Now that he believed himself to be a Revolutionary Marxian Anarchist, he considered the English publication in 1919 of Lenin’s State and Revolution as another example of the "immense services rendered to the cause of the workers’ world revolution by Lenin" [3]. Willie McDougall of the Glasgow Anarchist Group toured Scotlan and spoke about "Lenin’s Anarchy" [4].

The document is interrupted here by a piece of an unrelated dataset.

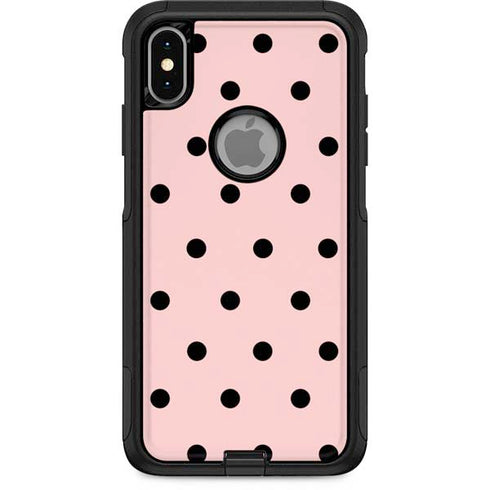 Pink and Black Polka Dots Otterbox Commuter iPhone Skin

The Second Congress of the Third International, held in Moscow, brought together a sizeable presence of anti-parliamentary delegates from various groups throughout Europe and America. Though the Congress voted various resolutions advocating Revolutionary Parliamentarism, Sylvia Pankhurst, who participated in the meeting, thought that the trend could be changed and a majority would favour antiparliamentary politics. Besides, in a private talk Lenin assured her that parliamentary action was not a question of principle but a simple matter of tactic.

The Revolution had also demonstrated that to counter the reactionary powers, it was necessary to disarm those who wanted to maintain economic exploitation. One had to establish a transitional working-class dictatorship. Aldred subscribed to such an idea in 1920 [5] Aldred approved what was happening in the Soviet Union, he did not want to join the capitalist outcry and expressed solidarity with the Soviet Revolutionaries, yet he disagreed with Russia’s international policy. In August 1920, he expressed his disagreement:

Lenin’s task compels him to compromise with all the elect of bourgeois society whereas ours demands no compromise. And so we take different paths and are only on the most distant speaking terms [6].

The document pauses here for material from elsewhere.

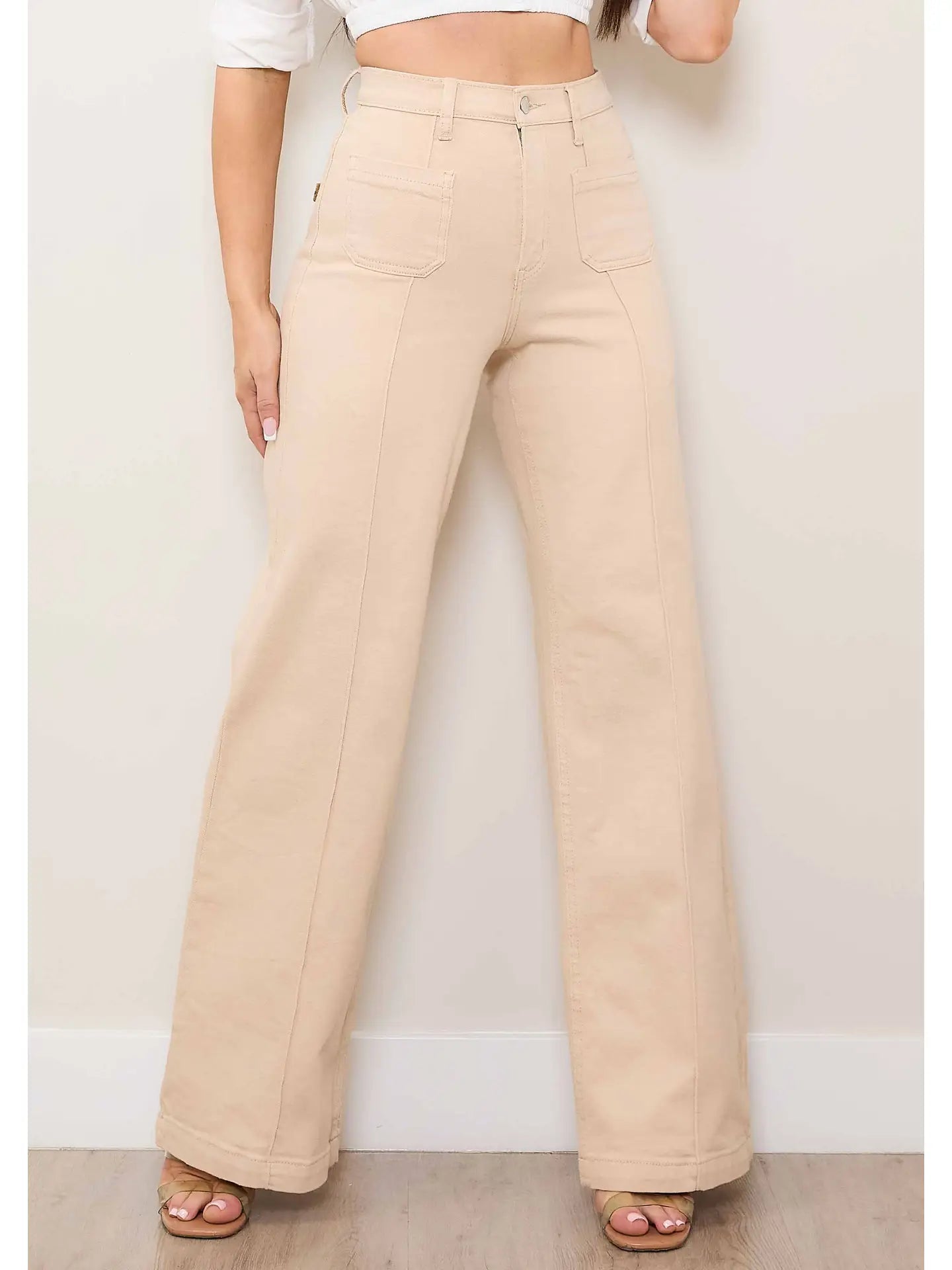 SAND SQUARE POCKET WIDE LEG JEAN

In 1925, he was still disbelieving accounts of Russian persecution of revolutionaries and he quarreled with Emma Goldman and Freedom Press who were criticizing the Bolsheviks [7]. When he later realized that the Russian population was oppressed, he did not change his views but concluded that Soviet dictatorship had been replaced by state dictatorship. [8]

As early as 1919, British anti-parliamentarians could read Lenin’s attack in Left-Wing Communism – an Infantile Disorder, which would soon be ratified by the Third International. It was now clear that the Soviet Union compelled all communist parties abroad to participate in parliament and that unity in Britain would have to be based on terms dictated by the Bolsheviks. The choice was between isolation and compromise. To avoid such a dilemma, Aldred and the Glasgow anarchists joined an anti-parliamentarian front which, while dissociating from the Communist Party, would still attempt to question its action.

In 1920, left wing communists refused right wing domination and constituted in May a Labour abstentionist party. Though Aldred criticised the new Communist Party (British Section of the Third International) which rejected parliamentary action [9] because he thought it was a contradiction in terms, the Glasgow Anarchist Group, strong of 50 to 60 members, joined with the national Communist League, formed on the initiative of the Socialist Labour Party’s London District Council in March 1919.

When the Communist Party (BSTI) finally united with the pro-Soviet Communist Party on January 1921, the Glasgow Communist Group started a new publication, The Red Commune, which continued to advocate anti-parliamentary action. In Easter was formed the Anti-Parliamentary Communist Federation (APCF).

Labor must Destroy that Labor may Rebuild
The Commune. Anarchist - An Organ of His Majesty’s Communist Opposition
This anarchist-communist magazine was edited by Guy Aldred and published in May 1924.
In various times, Aldred published five Glasgow based anarchist periodicals.

While Aldred was in prison for his publication of the Red Commune, his companion and member of his group, Rose Witcop, went to the Soviet Union to ask for associate membership of the Third International for the APCF. She returned with the promise of solid financial backing, but on the condition that Aldred and the Anti-Parliamentary Communist Federation would now accept the Moscow line. This of course was rejected.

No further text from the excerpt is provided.